Preprocessing circuit 140 may preprocess raw data RDATA so that ISP 170 may operate easily. The preprocessing circuit 140 may generate the phase data PDATA by converting the raw data RDATA into a form that facilitates conversion into depth information or by compressing the raw data RDATA.

For example, the preprocessing circuit 140 may calculate the value I by subtracting the raw data generated from the third photo gate signal PGC having a phase shift of 180 ° from the raw data generated from the first photo gate signal PGA having a phase shift of 0 °. Further, for example, the preprocessing circuit 140 may calculate the value Q by subtracting the raw data generated from the fourth photo gate signal PGD having a phase shift of 270 ° from the raw data generated from the second photo gate signal PGB having a phase shift of 90 °.

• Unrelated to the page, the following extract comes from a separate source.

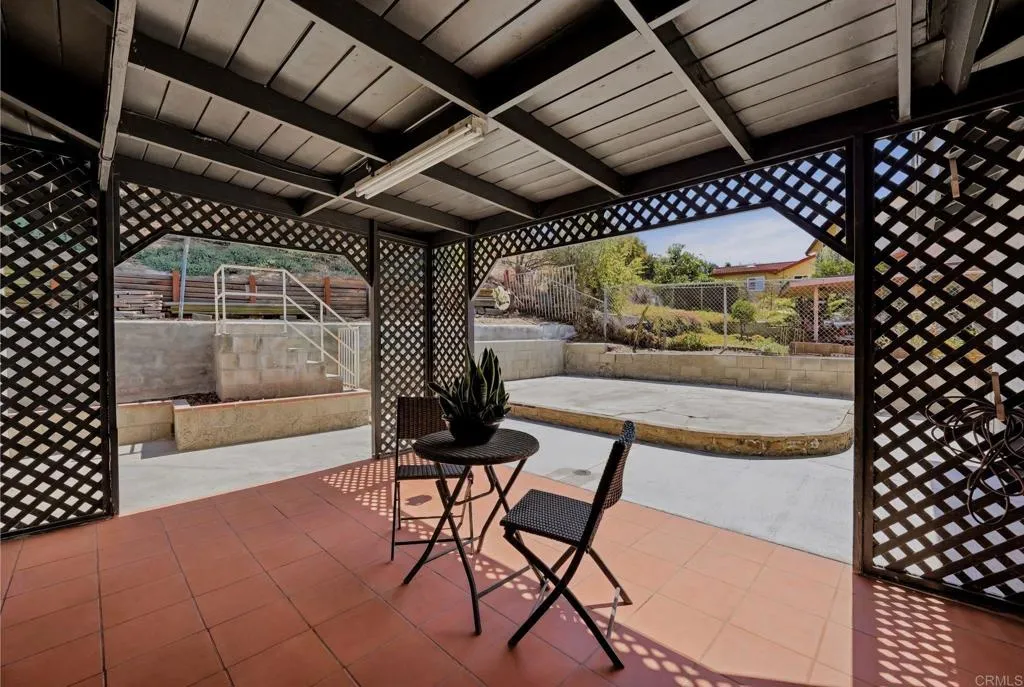 https://cdn.realtyfeed.com/cdn/127/306755419/8063c1702513d789f99c0a706c6ce00e.webp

The phase data preprocessed by the preprocessing circuit 140 may be stored in the memory 150. For example, the memory 150 may be implemented as a buffer. The memory 150 may include a frame memory, and phase data generated on a subframe basis through an exposure integration operation (exposure integration operation) and a readout operation may be stored in the memory 150. For example, phase data PDATA generated in each of a plurality of subframes according to a shuffling operation or a modulation frequency change may be stored in the memory 150.

The calibration circuit 160 may perform a calibration operation to improve the accuracy of the depth information DI to be generated in the ISP 170. The calibration circuit 160 may generate the correction data CDATA (for example, refer to fig. 5) by performing a calibration operation on the phase data PDATA based on the calibration information CD. For example, the calibration circuit 160 may perform an operation such as a calibration operation by considering factors such as physical characteristics of the image sensor 14 or physical characteristics of lenses included in the camera module 100, a calibration operation by considering a distance between the light source unit 12 and the image sensor 14, or a calibration operation by considering a nonlinear filter error caused by the square wave demodulation signal DEMOD.

Although fig. 2 illustrates the calibration circuit 160 performing a calibration operation on the phase data PDATA stored in the memory 150, the image sensor 14 of the inventive concept is not limited thereto. Calibration circuit 160 may receive phase data PDATA from preprocessing circuit 140 and correction data CDATA generated as a result of the calibration operation may be stored in memory 150.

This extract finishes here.